下記のものは、九品本式で贈られるものと、七品、五品の際に贈られるものを簡単に掲載いたしました。ご準備の際にご参考になさってください。

関東式結納品一覧 家内喜多留 末広 友志良賀 子生婦
寿留女 勝男節 金包 長熨斗 目録



家内喜多留(やなぎだる)


 杉や桧などで作った酒樽のことです。柳樽とも書きます。これは、杉などの針葉樹のとげとげしいイメージを和らげる為に柳の葉に例える為です。
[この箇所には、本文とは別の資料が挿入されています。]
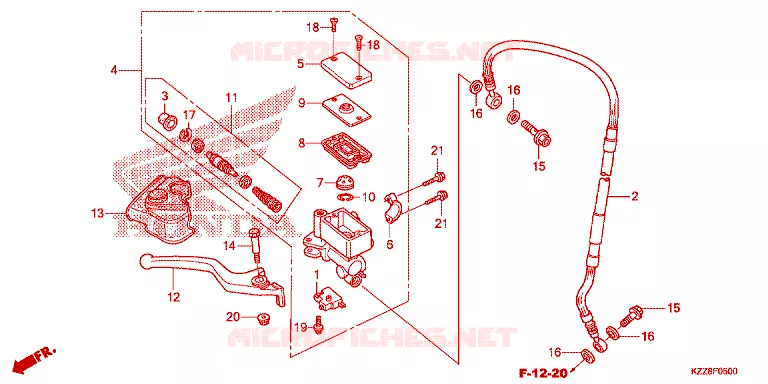 MAITRE CYLINDRE DE FREIN AVANT Honda MOTO 250 CRF 2013  CRF250LD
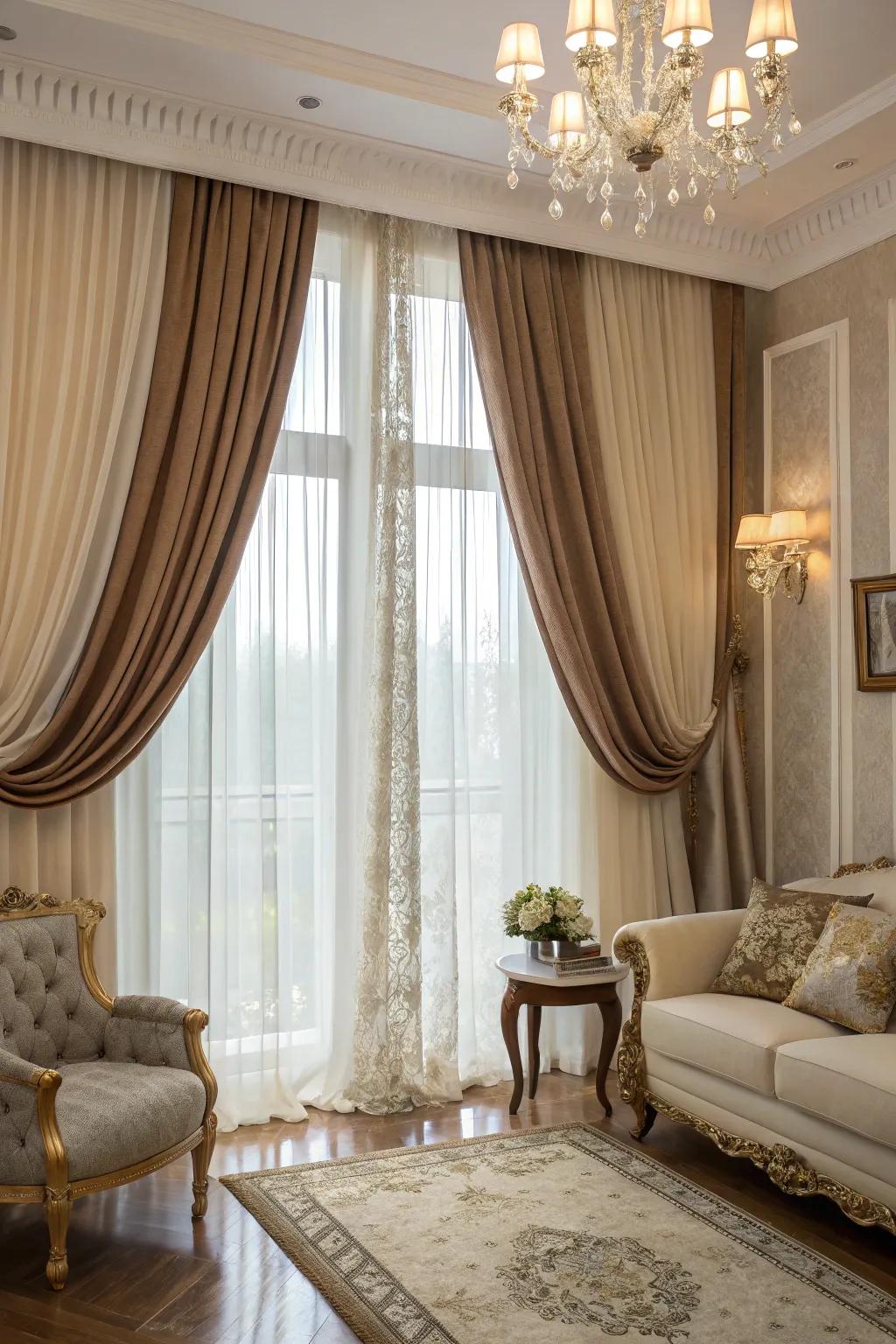 Layered drapes bring depth and finery to any area.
「かないきたる」という字を当てて、、家内円満の願いが込められています。
 結納の際には、柳樽や角樽(素材は様々で、漆塗りやプラスチック製が一般的)を贈るか、お金を包みます。
(写真はお金を包んだ例です。)

末広(すえひろ)


 白扇の一対の事を指します。「寿恵広」とも書きます。末広がりを意味しており、「末永く幸せに」という願いがこめられています。おめでたいときにはよく使われる、演技のいい言葉です。
白扇は、白い色から純潔・潔白を表しています。

友志良賀(ともしらが)


 夫婦共に健康で、夫婦仲も円満に共に白髪になるまで仲良く幸せに暮らしていきましょう、という長寿と夫婦円満の願いがこめられています。白くなるようにさらした麻の糸です。強度の高い麻の糸を贈ることで、麻の様に強い絆で結ばれる、ということも意味しています。

子生婦(こんぶ)


 よろこぶ、と縁起を担いで贈る昆布です。また、海に生えている昆布はとても繁殖力の強い植物である為、子孫繁栄の願いもこめられています。末永くそして幅広く子孫繁栄を祈るものであることから、「子産婦」の字が当てられています。
  結納の際には、昆布の実物を贈るか、子産婦料としてお金を包みます。
(写真は昆布の実物を贈る例です。)

寿留女(するめ)


 古くから保存食として重宝されていたするめを送ります。長期保存できる食材であることから、「結婚生活が末永く幸福でありますように」という願いが込めれています。また、また、噛めば噛むほど味が出るするめになぞり、「味のある仲の良い夫婦であるように」という願いもこめられています。「寿(しあわせ)を留める女」というおめでたい字を当て、縁起を担いでいます。
  結納の際はするめの実物を贈るか、寿留女料としてお金を包みます。
(写真はするめの実物を贈る例です。)

勝男節(かつおぶし)


 読んで字のごとく「鰹節」のことです。
 古くから武士の家では鰹節を保存食や非常食として常に家にあるよう準備していました。戦への出陣の際にこれを「勝男武士」として携帯し、武運を祈ったといいます。それ以来、鰹節は慶事の贈答品として広く使われるようになりました。結婚式での引出物の中に鰹節が入っている、ということがよくありますよね。
  結納の際は鰹節の実物を贈るか、勝男節料としてお金を包みます。

金包(きんぽう)


 結納金のことです。支度金として花嫁に帯料を贈り、花婿へは袴料を贈ります。
 男性に対しては御袴料」、女性に対しては「御帯料」と書いて渡します。

長熨斗(ながのし)


 本来であれば、鮑を叩いて延ばしたものを贈っていました。延命の祈るものであるとも言われています。海産物が高価であった物々交換の時代には、海産物の中で最も貴重とされた鮑を贈ることは、最高のもてなしとされていました。現在では、贈り物に対しての祝意の意味となっており、結納に贈る品々全てに対しての祝意を表したものとされています。

目録(もくろく)


 結納の品目を記したものです。この目録と長熨斗を含めて九品目が、一般的な九品本式の形となります。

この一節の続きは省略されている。